Lee is an award winning LGBT filmmaker and an east coast Connecticut native who began her career as a theater actor/director.

Lee moved to Los Angeles and was a natural producer bringing to fruition over a dozen independent films.

In 2008 she directed the multi award-winning short, The Ten Rules: A Lesbian Survival Guide in which she sold and became the first Lesbian television series ever. It was the Logo/MTV/Viacom television series Exes & Ohs, a half-hour single camera comedy about lesbian dating. Lee co-created, executive produced and directed the pilot, which aired for two seasons and was nominated for several GLAAD Awards.

Lee has worked extensively in the television long-form world directing/co-writing over a dozen MOW’s. She is a go-to director/writer for The Hallmark Channel.

Lee was one of 10 women picked from thousands for the first year of the prestigious NBC/UNIVERSAL DIVERSITY PROGRAM, FEMALE FORWARD in which she was hired to direct multiple episodes of GOOD GIRLS and subsequently and an episode of THE GOOD DOCTOR. This has given her the ability to continue to rise in episodic directing.
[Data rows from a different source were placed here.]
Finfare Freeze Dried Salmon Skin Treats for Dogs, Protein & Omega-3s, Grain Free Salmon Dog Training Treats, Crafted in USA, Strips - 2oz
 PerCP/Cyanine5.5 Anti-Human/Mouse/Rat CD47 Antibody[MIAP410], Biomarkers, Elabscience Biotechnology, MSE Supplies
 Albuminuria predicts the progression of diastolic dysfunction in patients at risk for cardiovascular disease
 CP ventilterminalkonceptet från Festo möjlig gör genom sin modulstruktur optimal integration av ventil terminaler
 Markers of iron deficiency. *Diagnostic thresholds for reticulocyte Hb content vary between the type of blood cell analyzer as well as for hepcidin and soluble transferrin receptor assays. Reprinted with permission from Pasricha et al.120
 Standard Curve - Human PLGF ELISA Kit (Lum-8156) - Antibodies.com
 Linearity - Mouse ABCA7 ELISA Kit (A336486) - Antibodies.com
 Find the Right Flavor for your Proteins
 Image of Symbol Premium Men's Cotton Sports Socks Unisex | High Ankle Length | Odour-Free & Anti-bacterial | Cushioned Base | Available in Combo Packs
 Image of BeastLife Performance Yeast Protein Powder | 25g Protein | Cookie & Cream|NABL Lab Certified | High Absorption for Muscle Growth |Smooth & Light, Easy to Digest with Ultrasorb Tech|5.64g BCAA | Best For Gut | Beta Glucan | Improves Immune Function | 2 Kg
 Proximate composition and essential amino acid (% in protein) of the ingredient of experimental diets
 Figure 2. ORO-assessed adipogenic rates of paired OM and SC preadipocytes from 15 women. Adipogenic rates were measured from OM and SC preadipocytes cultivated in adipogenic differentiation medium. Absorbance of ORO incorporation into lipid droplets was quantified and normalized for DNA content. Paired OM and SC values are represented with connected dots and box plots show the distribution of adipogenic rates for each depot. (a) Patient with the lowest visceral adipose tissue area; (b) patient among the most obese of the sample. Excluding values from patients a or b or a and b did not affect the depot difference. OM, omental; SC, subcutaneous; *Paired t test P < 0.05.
Lee has also directed Avril Lavigne’s Give You What You Like Music video in conjunction with her film Babysitter’s Black Book, MOW for Lifetime and collaborated on Avril’s most recent Warrior Video honoring our front line workers.

As well, Lee has several movies in development that she has sold from true stories, and original ideas as a producer, writer and director for Hallmark and Sony.

She is tremendously passionate about furthering her episodic career. “We are in the golden age of television. The incredible stories that are being created and told from talented, creative writers and showrunners is mind blowing! Getting to be a guest and tell their stories with the best cast and crews around is truly a dream come true”.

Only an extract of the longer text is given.